This seems like it should be an easy fix, but so far a solution has eluded me. I have a single column csv file with non-ascii chars saved in utf-8 that I want to read in and store in a list. I'm attempting to follow the principle of the "Unicode Sandwich" and decode upon reading the file in:
import codecs
import csv
with codecs.open('utf8file.csv', 'rU', encoding='utf-8') as file:
input_file = csv.reader(file, delimiter=",", quotechar='|')
list = []
for row in input_file:
list.extend(row)
This produces the dread 'codec can't encode characters in position, ordinal not in range(128)' error.
I've also tried adapting a solution from this answer, which returns a similar error
def unicode_csv_reader(utf8_data, dialect=csv.excel, **kwargs):
csv_reader = csv.reader(utf8_data, dialect=dialect, **kwargs)
for row in csv_reader:
yield [unicode(cell, 'utf-8') for cell in row]
filename = 'inputs\encode.csv'
reader = unicode_csv_reader(open(filename))
target_list = []
for field1 in reader:
target_list.extend(field1)
A very similar solution adapted from the docs returns the same error.
def unicode_csv_reader(utf8_data, dialect=csv.excel):
csv_reader = csv.reader(utf_8_encoder(utf8_data), dialect)
for row in csv_reader:
yield [unicode(cell, 'utf-8') for cell in row]

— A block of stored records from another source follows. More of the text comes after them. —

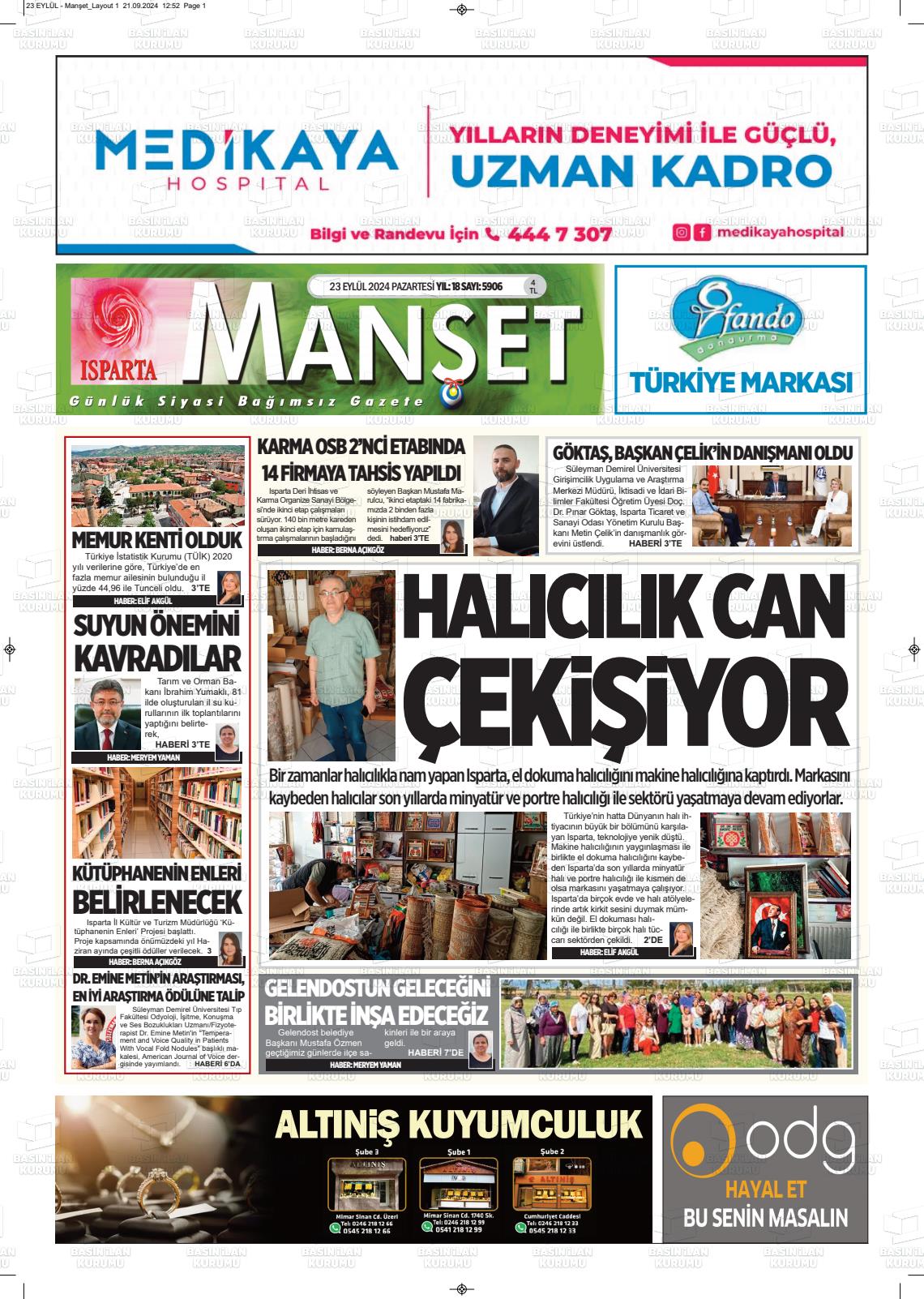 23 Eylül 2024 Isparta Manşet Gazete Manşeti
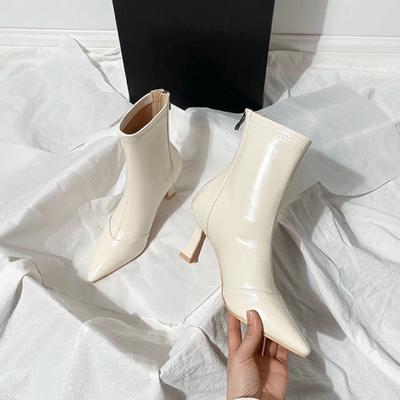 Модные женские ботильоны на высоком каблуке с острым носком, дизайнерские элегантные женские туфли-лодочки, новая зимняя роскошная нарядная обувь, челси ботильоны женские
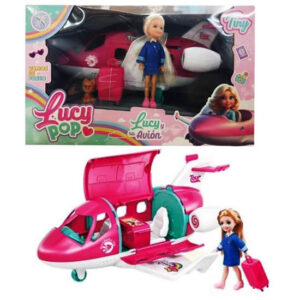 Muñeca Lucy con avión y mascota 76393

def utf_8_encoder(unicode_csv_data):
for line in unicode_csv_data:
yield line.encode('utf-8')
filename = 'inputs\encode.csv'
reader = unicode_csv_reader(open(filename))
target_list = []
for field1 in reader:
target_list.extend(field1)
Clearly I'm missing something. Most of the questions that I've seen regarding this problem seem to predate Python 2.7, so an update here might be useful.